> _Exercise_
Set the pictures aside and write down, exactly as they appear, the lines from the one containing "Logo Design entry" through the end of the material.

> _Dataset records_
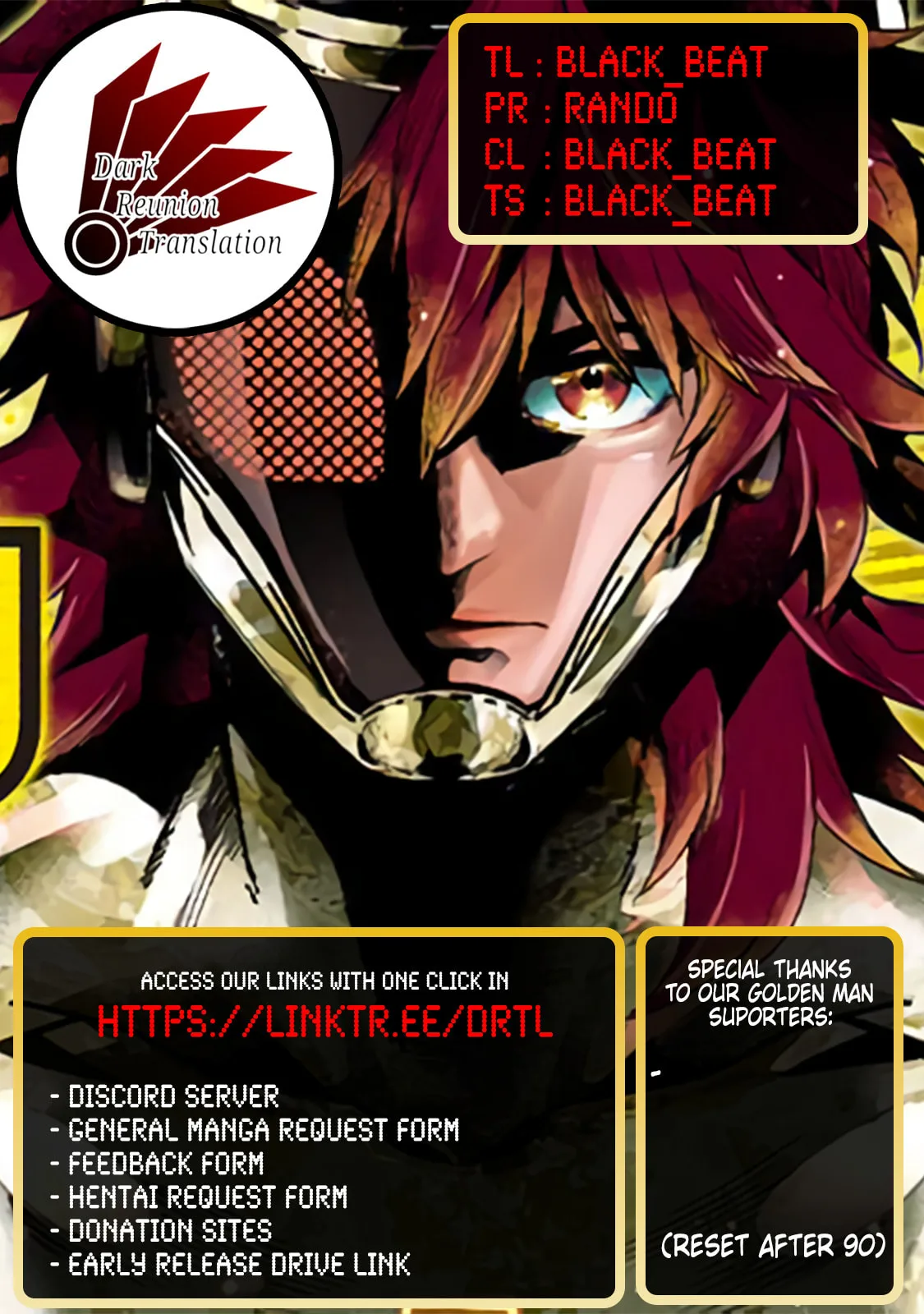 GOLDEN MAN Manga, chapter 82, page 20
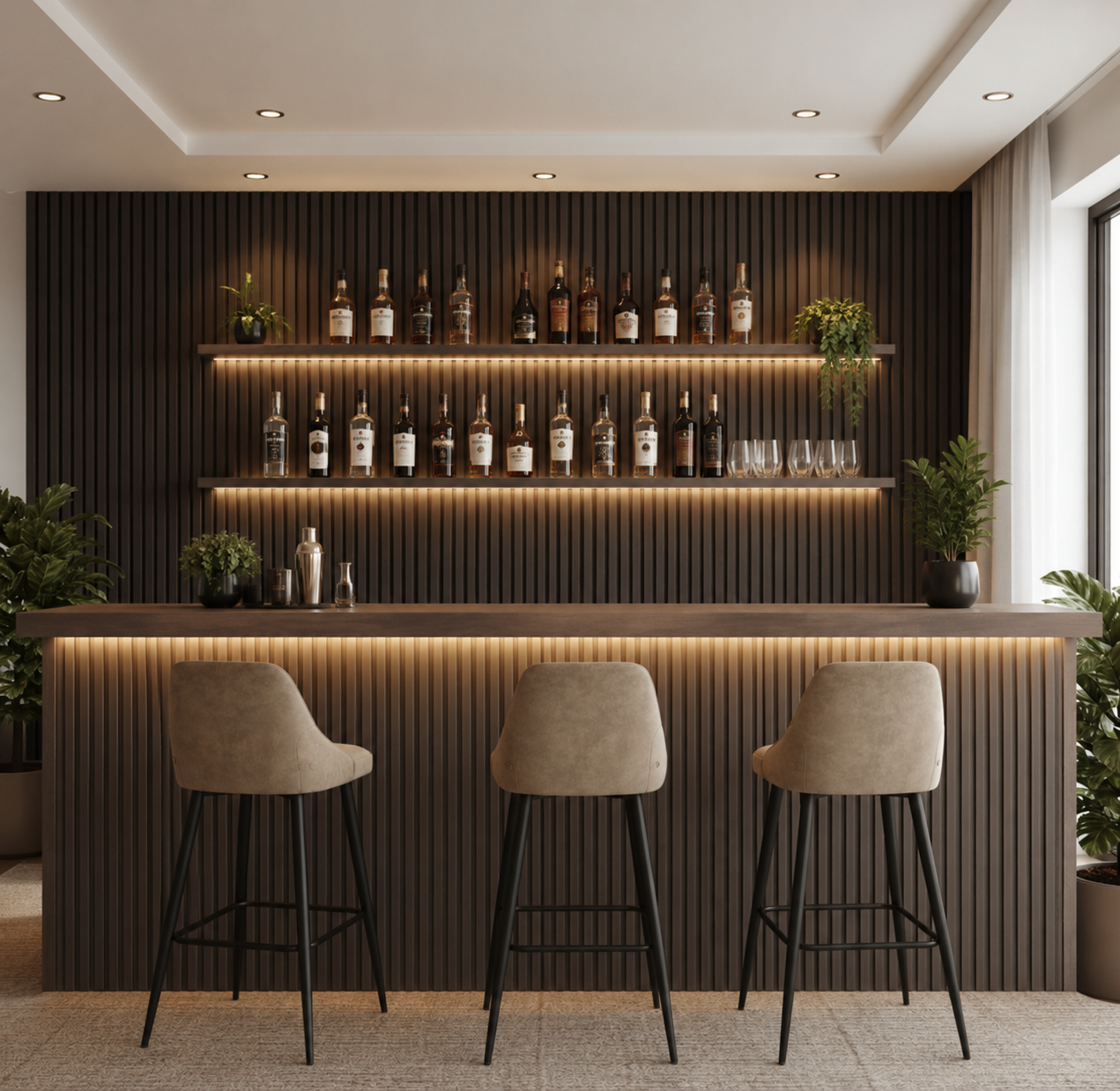 Hospitality projects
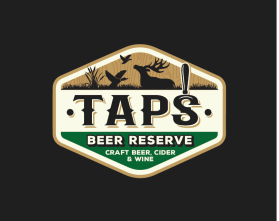 Logo Design entry 1797399 submitted by me&you to the Logo Design for Taps Beer Reserve run by klsummers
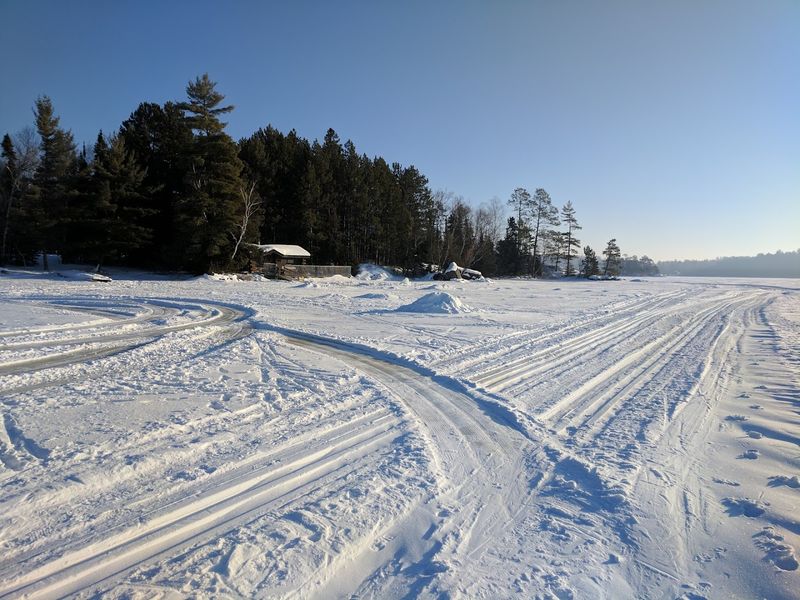 Camping Facilities And Outdoor Accommodations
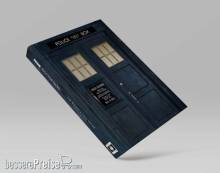 Cubicle 7 CB71314 - Doctor Who Roleplaying Game Second Edition Collectors Edition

> _Result of the task_
 Logo Design entry 1797399 submitted by me&you to the Logo Design for Taps Beer Reserve run by klsummers
 Camping Facilities And Outdoor Accommodations
 Cubicle 7 CB71314 - Doctor Who Roleplaying Game Second Edition Collectors Edition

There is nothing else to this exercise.